D’un autre côté, aucun argument scientifique n’interdit d’imaginer des hommes mis sur la touche par l’Histoire, relégués au rang de classe sociale marginale, à l’instar d’un trop grand nombre de femmes dans notre propre civilisation. Les hommes sont toujours des hommes sur Stratos, à quelques détails près. La société n’a pas pour but exprès de les opprimer, mais seulement de mettre un point final à la domination et à la violence qui vont toujours de pair avec le patriarcat.

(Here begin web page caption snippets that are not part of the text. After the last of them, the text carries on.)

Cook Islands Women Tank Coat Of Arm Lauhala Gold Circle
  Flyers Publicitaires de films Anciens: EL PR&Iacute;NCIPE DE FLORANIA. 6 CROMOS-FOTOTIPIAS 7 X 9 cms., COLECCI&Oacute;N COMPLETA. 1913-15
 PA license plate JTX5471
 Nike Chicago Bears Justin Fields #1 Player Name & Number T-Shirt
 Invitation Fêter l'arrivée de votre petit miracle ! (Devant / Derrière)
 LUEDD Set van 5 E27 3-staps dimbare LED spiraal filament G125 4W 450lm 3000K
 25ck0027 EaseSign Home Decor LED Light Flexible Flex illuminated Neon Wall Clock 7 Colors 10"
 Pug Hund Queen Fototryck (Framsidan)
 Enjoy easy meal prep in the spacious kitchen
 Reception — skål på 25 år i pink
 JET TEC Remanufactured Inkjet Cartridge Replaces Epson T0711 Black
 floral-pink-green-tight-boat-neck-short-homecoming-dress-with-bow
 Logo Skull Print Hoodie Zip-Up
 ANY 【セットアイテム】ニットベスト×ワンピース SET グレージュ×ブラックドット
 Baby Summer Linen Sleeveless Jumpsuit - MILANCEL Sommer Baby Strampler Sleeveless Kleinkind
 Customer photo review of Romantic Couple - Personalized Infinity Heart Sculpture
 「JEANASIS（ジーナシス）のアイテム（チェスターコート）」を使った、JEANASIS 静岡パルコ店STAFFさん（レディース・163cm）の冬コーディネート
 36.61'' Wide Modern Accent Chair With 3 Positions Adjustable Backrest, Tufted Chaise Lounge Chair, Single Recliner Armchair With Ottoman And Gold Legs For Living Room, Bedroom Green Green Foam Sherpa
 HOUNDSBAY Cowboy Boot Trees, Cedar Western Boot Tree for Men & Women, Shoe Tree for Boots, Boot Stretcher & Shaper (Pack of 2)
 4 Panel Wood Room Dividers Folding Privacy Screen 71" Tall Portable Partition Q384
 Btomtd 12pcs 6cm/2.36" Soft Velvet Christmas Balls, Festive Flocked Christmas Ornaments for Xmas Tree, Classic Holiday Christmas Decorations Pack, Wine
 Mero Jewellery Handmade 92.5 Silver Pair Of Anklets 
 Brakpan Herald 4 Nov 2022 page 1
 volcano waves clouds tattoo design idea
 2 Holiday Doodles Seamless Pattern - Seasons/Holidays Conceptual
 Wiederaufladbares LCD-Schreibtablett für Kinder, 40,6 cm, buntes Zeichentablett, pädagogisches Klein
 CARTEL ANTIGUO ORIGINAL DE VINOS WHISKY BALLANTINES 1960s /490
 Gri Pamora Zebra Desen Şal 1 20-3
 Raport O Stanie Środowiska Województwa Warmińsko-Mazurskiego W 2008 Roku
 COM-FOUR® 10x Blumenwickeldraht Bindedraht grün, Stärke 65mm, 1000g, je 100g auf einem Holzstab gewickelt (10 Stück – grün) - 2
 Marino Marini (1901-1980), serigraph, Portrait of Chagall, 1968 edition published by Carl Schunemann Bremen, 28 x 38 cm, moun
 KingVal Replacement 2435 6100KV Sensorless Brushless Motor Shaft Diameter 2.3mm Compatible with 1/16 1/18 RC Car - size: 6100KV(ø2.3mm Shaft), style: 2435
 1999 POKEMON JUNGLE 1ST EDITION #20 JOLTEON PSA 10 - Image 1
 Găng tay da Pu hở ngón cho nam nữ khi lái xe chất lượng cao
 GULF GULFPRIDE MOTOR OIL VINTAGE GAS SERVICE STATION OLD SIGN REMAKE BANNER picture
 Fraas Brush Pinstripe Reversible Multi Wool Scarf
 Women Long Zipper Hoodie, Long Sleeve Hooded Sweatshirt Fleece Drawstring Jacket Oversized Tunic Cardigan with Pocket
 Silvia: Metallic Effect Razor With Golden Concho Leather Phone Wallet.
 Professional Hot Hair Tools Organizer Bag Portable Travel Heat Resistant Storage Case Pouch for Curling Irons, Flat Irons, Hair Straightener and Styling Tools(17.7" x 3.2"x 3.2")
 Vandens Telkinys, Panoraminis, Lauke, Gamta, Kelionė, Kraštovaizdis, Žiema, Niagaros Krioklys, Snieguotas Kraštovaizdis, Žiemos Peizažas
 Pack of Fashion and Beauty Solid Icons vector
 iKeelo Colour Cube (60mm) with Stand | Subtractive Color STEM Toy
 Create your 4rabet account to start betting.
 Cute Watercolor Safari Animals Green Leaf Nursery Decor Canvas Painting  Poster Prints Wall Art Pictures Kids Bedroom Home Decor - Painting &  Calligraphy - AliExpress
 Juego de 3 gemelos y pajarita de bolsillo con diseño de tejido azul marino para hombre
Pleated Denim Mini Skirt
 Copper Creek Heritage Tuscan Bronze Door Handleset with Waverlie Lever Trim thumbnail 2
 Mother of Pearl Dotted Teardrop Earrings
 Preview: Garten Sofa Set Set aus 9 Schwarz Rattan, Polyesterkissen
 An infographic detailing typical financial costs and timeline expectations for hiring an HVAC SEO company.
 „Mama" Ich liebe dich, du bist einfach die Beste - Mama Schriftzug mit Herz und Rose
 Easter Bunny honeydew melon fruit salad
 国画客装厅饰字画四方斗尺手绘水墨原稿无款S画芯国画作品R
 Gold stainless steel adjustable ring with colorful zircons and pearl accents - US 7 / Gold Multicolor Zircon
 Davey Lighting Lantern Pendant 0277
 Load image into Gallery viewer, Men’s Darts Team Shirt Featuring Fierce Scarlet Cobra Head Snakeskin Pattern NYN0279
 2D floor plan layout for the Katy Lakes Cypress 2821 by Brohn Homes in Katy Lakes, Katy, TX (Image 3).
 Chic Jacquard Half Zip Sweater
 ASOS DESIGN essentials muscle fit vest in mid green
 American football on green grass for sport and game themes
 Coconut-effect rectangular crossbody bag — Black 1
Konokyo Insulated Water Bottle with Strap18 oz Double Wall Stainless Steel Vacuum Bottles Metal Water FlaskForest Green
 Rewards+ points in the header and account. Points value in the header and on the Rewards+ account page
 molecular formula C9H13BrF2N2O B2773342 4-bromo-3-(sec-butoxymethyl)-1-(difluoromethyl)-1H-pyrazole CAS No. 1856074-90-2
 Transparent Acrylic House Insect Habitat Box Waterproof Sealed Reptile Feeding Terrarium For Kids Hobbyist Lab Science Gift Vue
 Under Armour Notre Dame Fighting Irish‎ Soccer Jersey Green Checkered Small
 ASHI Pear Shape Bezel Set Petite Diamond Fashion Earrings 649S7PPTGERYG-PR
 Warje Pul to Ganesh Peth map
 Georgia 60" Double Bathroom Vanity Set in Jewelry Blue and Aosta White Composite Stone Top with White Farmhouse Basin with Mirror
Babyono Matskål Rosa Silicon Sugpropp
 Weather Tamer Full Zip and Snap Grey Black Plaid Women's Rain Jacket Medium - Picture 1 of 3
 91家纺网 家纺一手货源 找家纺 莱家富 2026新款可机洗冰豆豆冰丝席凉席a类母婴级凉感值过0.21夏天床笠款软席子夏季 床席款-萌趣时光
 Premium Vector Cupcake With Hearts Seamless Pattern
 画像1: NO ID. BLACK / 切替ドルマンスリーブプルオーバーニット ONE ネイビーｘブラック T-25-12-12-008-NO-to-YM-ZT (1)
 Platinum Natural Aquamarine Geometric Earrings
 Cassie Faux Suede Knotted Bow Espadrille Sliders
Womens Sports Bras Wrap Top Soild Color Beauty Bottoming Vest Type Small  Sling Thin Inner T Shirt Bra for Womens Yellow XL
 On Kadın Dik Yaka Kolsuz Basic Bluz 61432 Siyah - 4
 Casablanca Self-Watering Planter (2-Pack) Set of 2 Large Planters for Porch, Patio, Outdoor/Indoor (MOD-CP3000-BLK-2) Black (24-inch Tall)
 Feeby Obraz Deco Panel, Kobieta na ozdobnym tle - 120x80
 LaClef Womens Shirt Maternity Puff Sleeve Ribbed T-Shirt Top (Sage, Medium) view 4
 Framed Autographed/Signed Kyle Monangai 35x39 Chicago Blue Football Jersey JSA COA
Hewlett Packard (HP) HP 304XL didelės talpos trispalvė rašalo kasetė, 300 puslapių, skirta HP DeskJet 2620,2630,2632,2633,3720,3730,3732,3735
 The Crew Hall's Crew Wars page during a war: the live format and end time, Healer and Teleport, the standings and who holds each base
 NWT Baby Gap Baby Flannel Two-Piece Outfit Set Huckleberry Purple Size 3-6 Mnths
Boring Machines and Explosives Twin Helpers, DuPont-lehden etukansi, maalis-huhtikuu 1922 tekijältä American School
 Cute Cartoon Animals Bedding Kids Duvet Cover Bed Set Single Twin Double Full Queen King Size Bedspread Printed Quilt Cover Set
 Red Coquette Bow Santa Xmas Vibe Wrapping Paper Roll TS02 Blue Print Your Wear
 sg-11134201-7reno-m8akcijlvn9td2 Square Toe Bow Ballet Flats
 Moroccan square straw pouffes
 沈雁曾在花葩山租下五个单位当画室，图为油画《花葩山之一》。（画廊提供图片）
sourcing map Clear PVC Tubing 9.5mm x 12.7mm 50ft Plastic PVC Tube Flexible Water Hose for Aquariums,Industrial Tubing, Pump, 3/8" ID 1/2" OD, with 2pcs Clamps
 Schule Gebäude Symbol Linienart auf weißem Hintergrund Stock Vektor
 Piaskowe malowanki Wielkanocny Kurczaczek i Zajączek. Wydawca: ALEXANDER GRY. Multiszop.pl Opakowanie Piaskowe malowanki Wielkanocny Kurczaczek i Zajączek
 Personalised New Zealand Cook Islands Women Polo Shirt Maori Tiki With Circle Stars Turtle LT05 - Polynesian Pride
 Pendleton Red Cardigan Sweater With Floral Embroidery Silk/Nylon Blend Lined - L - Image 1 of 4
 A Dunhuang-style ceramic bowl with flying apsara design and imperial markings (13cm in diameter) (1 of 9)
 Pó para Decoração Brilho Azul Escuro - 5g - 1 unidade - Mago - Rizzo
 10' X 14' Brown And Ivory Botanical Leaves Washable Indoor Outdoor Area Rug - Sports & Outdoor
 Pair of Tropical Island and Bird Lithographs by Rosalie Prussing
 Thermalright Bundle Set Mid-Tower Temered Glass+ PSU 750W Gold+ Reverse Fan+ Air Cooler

Si les gens de Stratos passent à côté de certaines joies que nous recherchons (et trouvons parfois) dans la vie de famille monogame, ils évitent en revanche nombre de souffrances qui nous sont familières.
L’autoclonage mènerait-il les lignées parentales à imiter la vie sociale des fourmis ou des abeilles, à vivre en « ruches », parmi des sœurs génétiquement semblables ? Cette idée a déjà été étudiée, généralement en conférant un comportement de fourmi à des corps bipèdes. Sur Stratos, les filles d’un ancien clan font preuve d’une solidarité et d’une connaissance d’elles-mêmes impensables pour des vars comme nous, mais ça ne les empêche pas d’être humaines et ne fait pas nécessairement d’elles des automates.
Essayons de voir les choses de leur point de vue. Notre monde aux variations génético-sexuelles presque illimitées pourrait leur paraître trop confus pour être civilisé. Une société de vars serait fondamentalement incapable de mener des projets au-delà d’une génération… ce qui est précisément notre problème aujourd’hui, si l’on en croit de nombreux critiques. La trop grande uniformité de cette Stratos de fiction est peut-être étouffante, mais notre sens trop restreint de la continuité est peut-être en train de tuer la vraie Terre.